Venuti, Lawrence. “Translation as a Social Practice: Or, the Violence of Translation.” Translation Perspectives 9 (1996): 195-213.
Lawrence Venuti begins the article defining translation as an act of violence: “it is the forcible replacement of the linguistic and cultural difference of the foreign text with a text that will be intelligible to the target-language culture” which will therefore “assimilate into [the target-language culture’s] positions of intelligibility, its canons and taboos, its codes and ideologies” associated with the foreign language’s origin. At the beginning, the aim of translation was to make the culture considered an “other” recognizable or familiar within the target culture, but as a result, he explains that translation serves as an “an imperialist appropriation of foreign cultures for domestic agendas.” As a result, the translation domesticates the foreign text rather than preserving its true meaning.
Venuti discusses the various kinds of power translation has. Translation has a lot of power in shaping the national identities of foreign cultures to the world; it has some power in alleviating racial or ethnic conflicts; and it also has power in the maintenance of “literary canons” by the target language that continues to facilitate its cultural dominance over the foreign language (196). Regardless of these powers, Venuti ultimately believes that the violence of translation is inherent in its processes, making such violence partially inevitable, and that this violence can emerge at any time during the production of a translated text, depending on the specific cultural or social movements that might be occurring. Therefore, whether this potential is considered depends solely on the translator, who will always have “a choice concerning the degree and direction of the violence at work in his practice” (197). Venuti references Schleirmacher, who describes the two choices which translators can make: “to leave the author in peace as much as possible and move the reader towards the author, or leave the author in peace and move the author towards [the translator].”
Venuti takes this idea, and separates these two notions into differing methods: domestication (the ethnocentric form of translation) and foreignization (which sends the reader abroad and points out the linguistic cultural differences of the foreign text). By the turn of the 19th century, foreignization was the important staple of translators to promote linguistic and cultural difference, yet the “offside of foreignizing a text is an effort that makes the native target language country have an alien reading experience” (197). Furthermore, from the very beginning, English language translation has always pushed towards domestication. This is because they (those who fell under this method) do not think domestication is violent towards the foreign text or its country. In fact, the majority believed (and still believe) that domestication was the better way to get the real version of a reading in order to make the most impact on the target language and its culture (200). Therefore, it was the “responsibility of the translator to understand and adequately translate the foreign text […] to such an extent that they can understand how the original receptors must have understood the original text” (204). Venuti argues that foreignization does not mean doing away with a target language’s political agenda, for “such an advocacy is itself an agenda” (205). Instead, foreignization is meant to allow translators to “develop a theory and practice of translation that resists dominant target-language cultural values” which would ultimately “differentiate the cultural and linguistic differences of the foreign language” (205).

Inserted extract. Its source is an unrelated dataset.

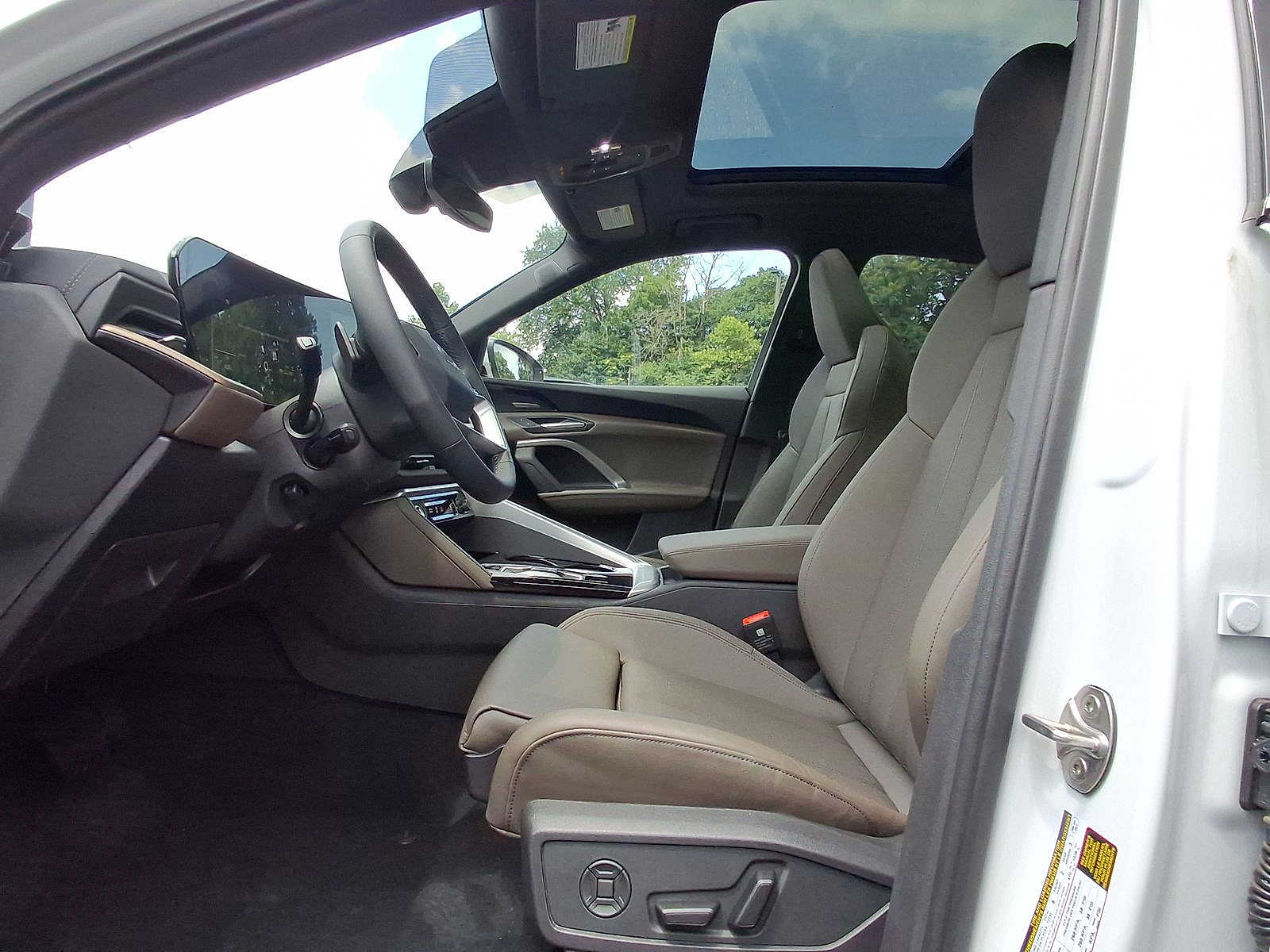 Thumbnail: 2025 Audi Q5 - 13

Ultimately, Venuti wants to argue that translation is a “locus of difference,” and that a translator’s job is not to preserve the foreignness of a text, but to gather resistance against ethnocentrism, racism, cultural narcissism, and imperialism while understanding the power of translation in the geopolitical world (211).
According to Venuti, translation is inevitably violent. This is an extremely provocative idea. Taking a foreign text and rearranging its words to fit into a different paradigm will never truly understand the meaning behind these words due to the differing cultural context in which they are created. Reworking a text for a new paradigm is definitely a violent action, for it seems to disregard the cultural differences of a text in order to make it more understandable (somewhat) in a place that technically would otherwise not understand it.
But in such cases, the “translation” would mean nothing; it would be a pseudo-translation, and the power within this translation is frightening. A translator could choose to translate the text in a way that could continue to support the perspective of the target language’s population towards that foreign language’s culture, which could be good or bad, depending on the opinion of the translator. The foreign language loses any chance of changing perspectives, and in return, will continue to hold the same image within that target language. Such a scenario fits well with Galtung’s definition of violence being anything that prevents a person from reaching his or her full human potential, because it allows no possibility for the foreign language to be considered important and imperative to human life in the target culture.
Translation does seem to create difference, which could be considered both good and bad, but it’s the choice of the translator that ultimately decides how violent those differences can be. The two methods that translators use also seem violent; domesticating or foreignizing a text seem to forget the importance of individualization and demoralizes personal interpretation, a concept we use on a daily basis. Are there other ways a translator can approach a reading that does not seem to create a hierarchy of power, but instead simply read and create understanding? Maybe simply learning the other language is a better option? This article makes me question whether translation could be considered a structural form of violence. This is something I would like to look into further, to determine to what degree translation is inevitably a form of institutionalized, structural violence. Must translation be inevitably violent?